Building a Spark observability product with StarRocks: Real-time and historical performance analysis

Table of Contents
- Introduction
- Key Components of the New Architecture
- Data Model and Ingestion
- Handling Real-Time and Historical Data
- Query Performance and Optimization
1. Introduction
In this blog post, we explore leveraging StarRocks to build the next generation of the Spark observability platform at Grab. We discuss the architecture, data model, and key features that help overcome previous limitations and provide more value to Spark users.
2. Key Components of the New Architecture
- StarRocks Database: Replaces InfluxDB for real-time and historical data storage.
- Direct Kafka Ingestion: StarRocks ingests data directly from Kafka, eliminating the need for external agents.

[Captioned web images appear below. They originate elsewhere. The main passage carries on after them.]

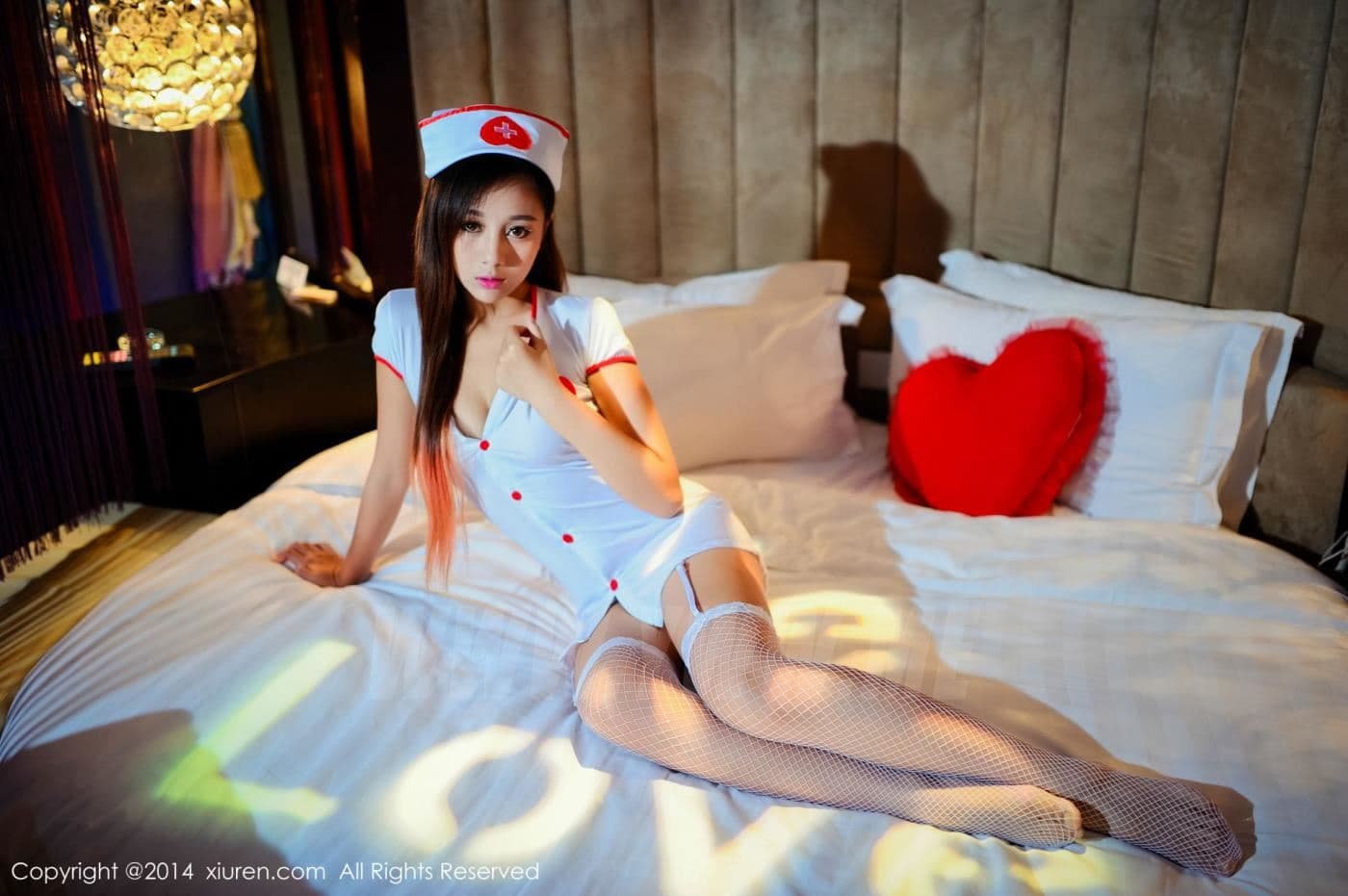 XiuRen秀人网 No.222 周美美rachel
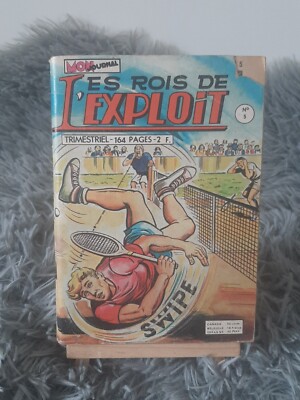 DIE KÖNIGE DER LEISTUNG / MEIN JOURNAL / NUMMER 5 / 1974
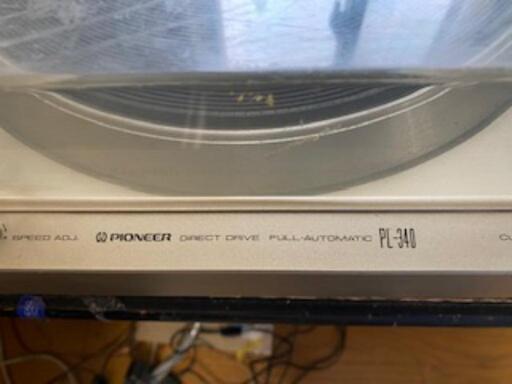 パイオニア レコードプレーヤー PL-340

- Custom Web Application (Iris UI): Replaces Grafana dashboards, providing a centralised interface with a custom API.
- Superset Integration: Connected directly to StarRocks, offering real-time data access.
- Simplified Offline Data Process: Scheduled backups from StarRocks to S3 for easy data lake integration.
3. Data Model and Ingestion
The Iris observability system monitors job executions and ad-hoc cluster usage. An example of creating a routine load job for cluster worker metrics is provided, showcasing continuous data ingestion from Kafka.
4. Handling Real-Time and Historical Data
The new Iris system uses StarRocks to manage both real-time and historical data efficiently. Features include routine load for near real-time data ingestion, materialised views for pre-calculation and aggregation, and direct querying in StarRocks for historical runs.
5. Query Performance and Optimization
StarRocks significantly improves query performance for Spark observability. Materialised views combine data from various tables, eliminating the need for complex joins during query execution and enhancing overall efficiency.
By incorporating StarRocks into the Spark observability platform, Grab has overcome previous limitations and established a unified, flexible, and efficient solution for real-time and historical performance analysis.